Llegó la hora de la cena, frugal como siempre, consistente en un tazón de café con leche, o cosa parecida, con pan migado, y me encontré con el tazón detrás del plato que contenía los nabos y de la carne, fríos desde luego, ante las risas de mis compañeros, pendientes del torneo mudo, entre don José y yo, muy desigual en armas a esgrimir y en edad y resistencia, en el que yo fatalmente habría de resultar vencido. Pero yo seguí, sin embargo, en mis trece, yéndome a la cama, sin cenar, pasándome toda la noche llorando bajo las sábanas, acordándome de mi madre, a la que no me atreví a decir nada referente a mis cuitas durante sus visitas dominicales por la vigilante presencia de don José; y durante el desayuno del siguiente día me encontré enfilados sobre la mesa, ante la expectación y las risas de todos, en primer lugar, los nabos, y detrás, la carne, el tocino, el tazón de la cena y el chocolate del desayuno, que estaba el más distante y al que había que llegar pasando por los otros que había de consumir, previamente, y hube de claudicar y de proceder, llorando, a engullirlos hasta poder llegar al chocolate caliente y algo dulce y consolador, pero a la fuerza de vasos de agua para tragar, cual medicina, los nabos, guardándome en lo sucesivo decir la menor palabra de disgusto, cuando se repartía esa verdura por temor a que don José me cargara el plato de ella, aunque, con el tiempo, me reconcilié con los nabos, como cosa preferida.

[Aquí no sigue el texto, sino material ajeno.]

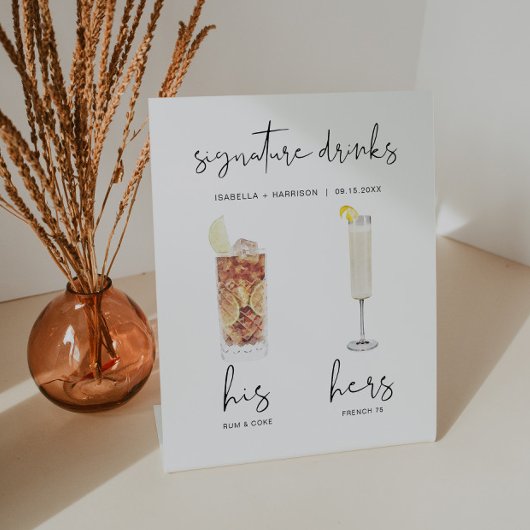 ADELLA Minimale Waterverf Cocktail Signature Drink Reclamebord Met Voetstuk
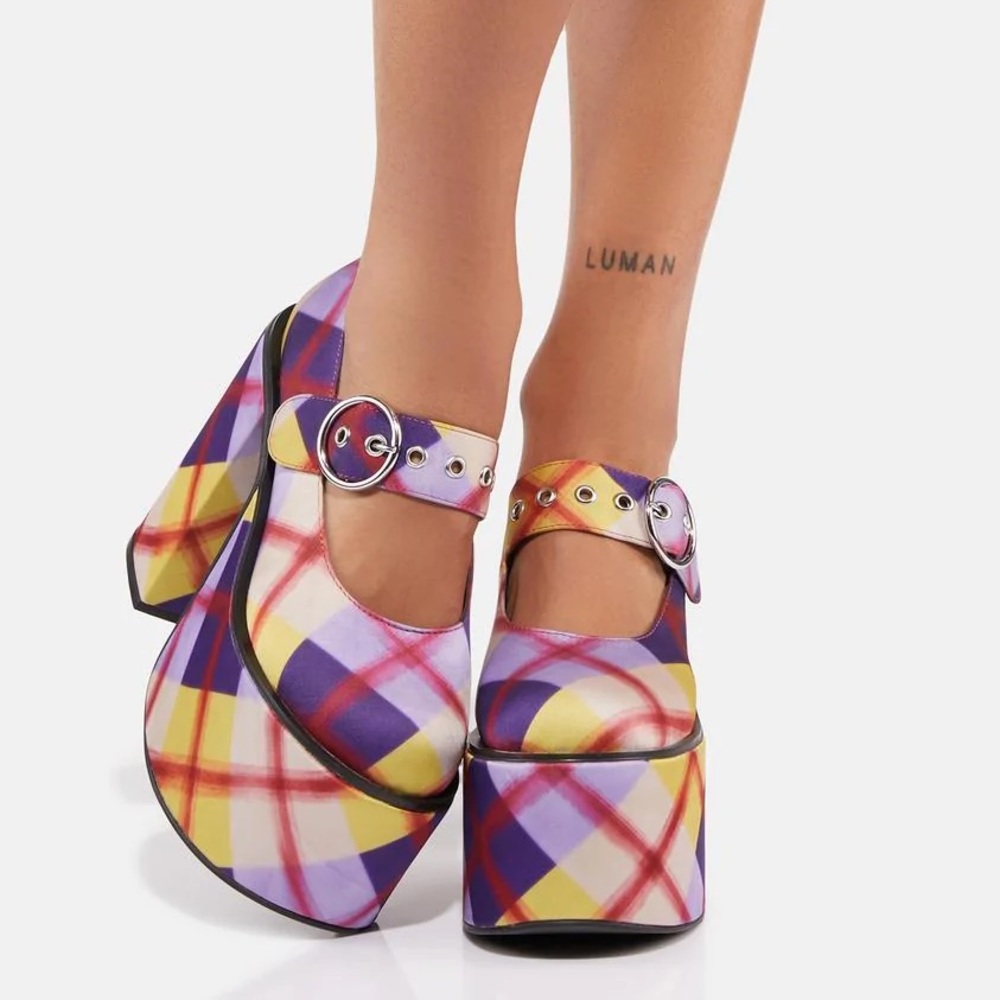 Sold out 
All Hail Me Plaid Mary Janes NEVER WORN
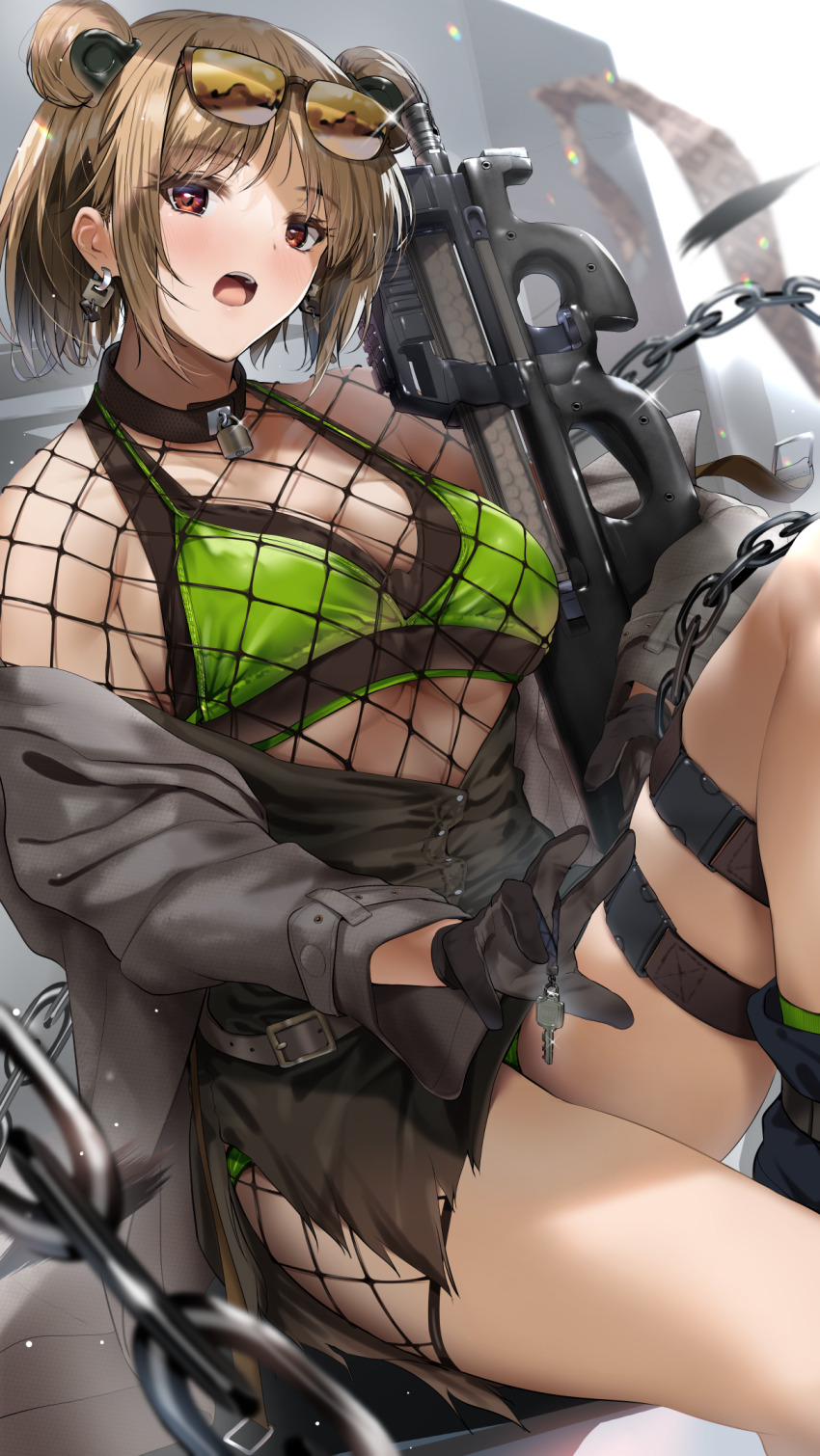 1girl, bikini, black_gloves, blush, breasts, brown_hair, bullpup, commission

Gozaba yo en el Colegio fama de dócil, obediente, cumplidor riguroso del célebre reglamento de don José, mucho más de estimar en mí, acostumbrado, como estaba, a los solícitos cuidados y mimos de mi madre; pero también, la tenía de ser muy propenso a la protesta y hasta a la rebeldía, cuando se me hacía víctima, por quien fuera, de alguna injusticia o atropello, tanto en la clase por cualquier profesor, como en la cotidiana vida en el internado. Y en ese orden se produjeron episodios, algunas veces de verdadera gravedad, ante mi resuelta e indómita entereza en sostener mi razón y mi derecho, sin admitir el menor convencimiento de lo contrario, actitud que se acentuaba en cuanto se intentaba cohibirme por la fuerza, en que ya no respetaba a nadie, jugándome el todo por el todo, a pesar de mi convencimiento de que no habría de salir vencido y maltrecho, por ser una criatura que contestaba ya insensatamente, haciendo frente a mis profesores en plena clase motivando, más de una vez, ser el tema obligado en las hebdomadarias juntas de profesores que se celebraban todos los sábados en la casa del director, sita en la calle de la Almudena, antiguo palacio de la duquesa de Éboli que tanto brilló por su hermosura y su coquetería en la corte de Felipe II, y, entonces, propiedad del duque de Sexto, confidente del rey Alfonso XII en las aventuras nocturnas y correrías amorosas de aquel monarca por los Madriles, tan comentadas en las casas de vecindad y festivas críticas en los palacios aristocráticos.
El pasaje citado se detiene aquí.